● DESCRIPTION OF THE TASK: Print all records exactly, pictures left out.

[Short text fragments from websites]
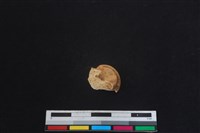 梅花鹿骨藏品圖，第1張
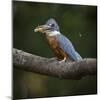 Brazil. An Amazon kingfisher with a small captured fish in the Pantanal.-Ralph H. Bendjebar-Mounted Photographic Print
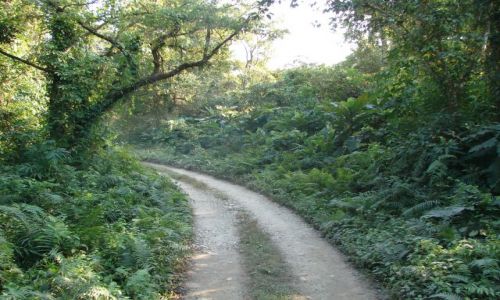 Zdjecie NEPAL / Dolina Kathmandu / Chitwan Park / Droga w dzungli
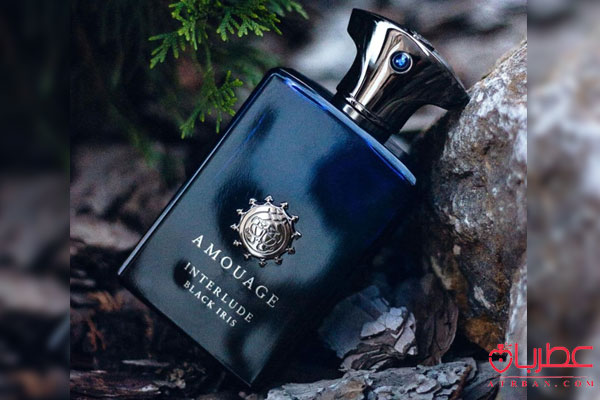 عطر ادکلن آمواج اینترلود بلک ایریس مردانه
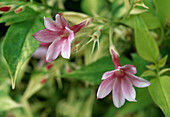 Jasminum x stephanense (Pink Jasmine), fragrant climbing plant, early summer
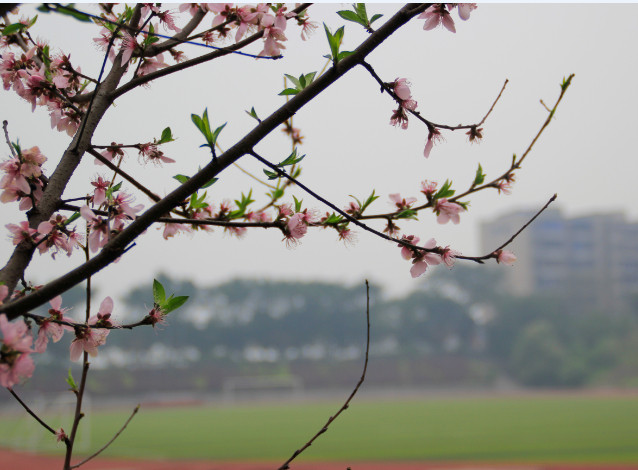 重庆市行知职业技术学校环境 重庆市行知职业技术学校环境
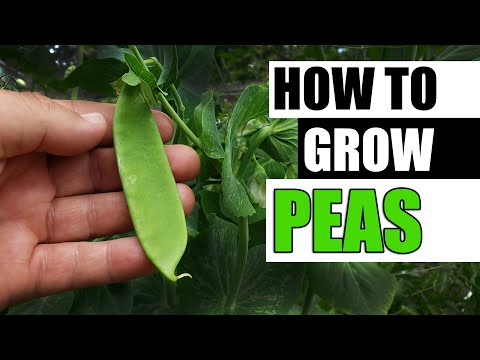 Why Raised Garden Beds Are Better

● ANSWER SECTION:
 梅花鹿骨藏品圖，第1張
 Brazil. An Amazon kingfisher with a small captured fish in the Pantanal.-Ralph H. Bendjebar-Mounted Photographic Print
 Zdjecie NEPAL / Dolina Kathmandu / Chitwan Park / Droga w dzungli
 عطر ادکلن آمواج اینترلود بلک ایریس مردانه
 Jasminum x stephanense (Pink Jasmine), fragrant climbing plant, early summer
 重庆市行知职业技术学校环境 重庆市行知职业技术学校环境
 Why Raised Garden Beds Are Better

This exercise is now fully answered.